Institute of Automation, Chinese Academy of Sciences, Beijing, China.
IEEE Trans Pattern Anal Mach Intell. 2010 Nov;32(11):2039-53. doi: 10.1109/TPAMI.2010.35.
This paper presents local spline regression for semi-supervised classification. The core idea in our approach is to introduce splines developed in Sobolev space to map the data points directly to be class labels. The spline is composed of polynomials and Green's functions.

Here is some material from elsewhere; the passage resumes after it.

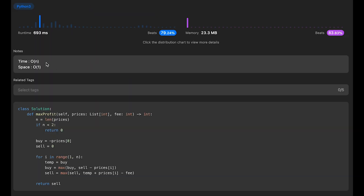The time complexity of this solution is O(n), where n is the length of the prices list, because we iterate through it once. The space complexity is O(1) — constant extra space — since we only use simple variables: buy, sell, and temp.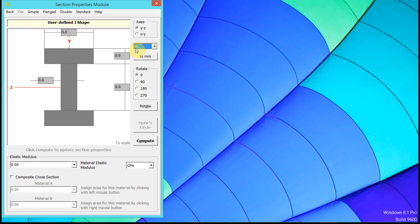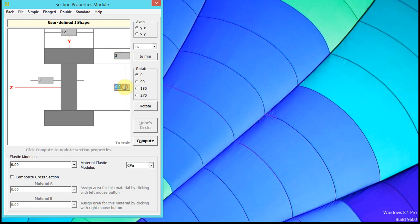You can change it to inches or to millimeters. So let's say we have 12, 3, 3, and 9.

It is smooth, nonlinear, and able to interpolate the scattered data points with high accuracy. Specifically, in each neighborhood, an optimal spline is estimated via regularized least squares regression. With this spline, each of the neighboring data points is mapped to be a class label. Then, the regularized loss is evaluated and further formulated in terms of class label vector. Finally, all of the losses evaluated in local neighborhoods are accumulated together to measure the global consistency on the labeled and unlabeled data. To achieve the goal of semi-supervised classification, an objective function is constructed by combining together the global loss of the local spline regressions and the squared errors of the class labels of the labeled data. In this way, a transductive classification algorithm is developed in which a globally optimal classification can be finally obtained. In the semi-supervised learning setting, the proposed algorithm is analyzed and addressed into the Laplacian regularization framework. Comparative classification experiments on many public data sets and applications to interactive image segmentation and image matting illustrate the validity of our method.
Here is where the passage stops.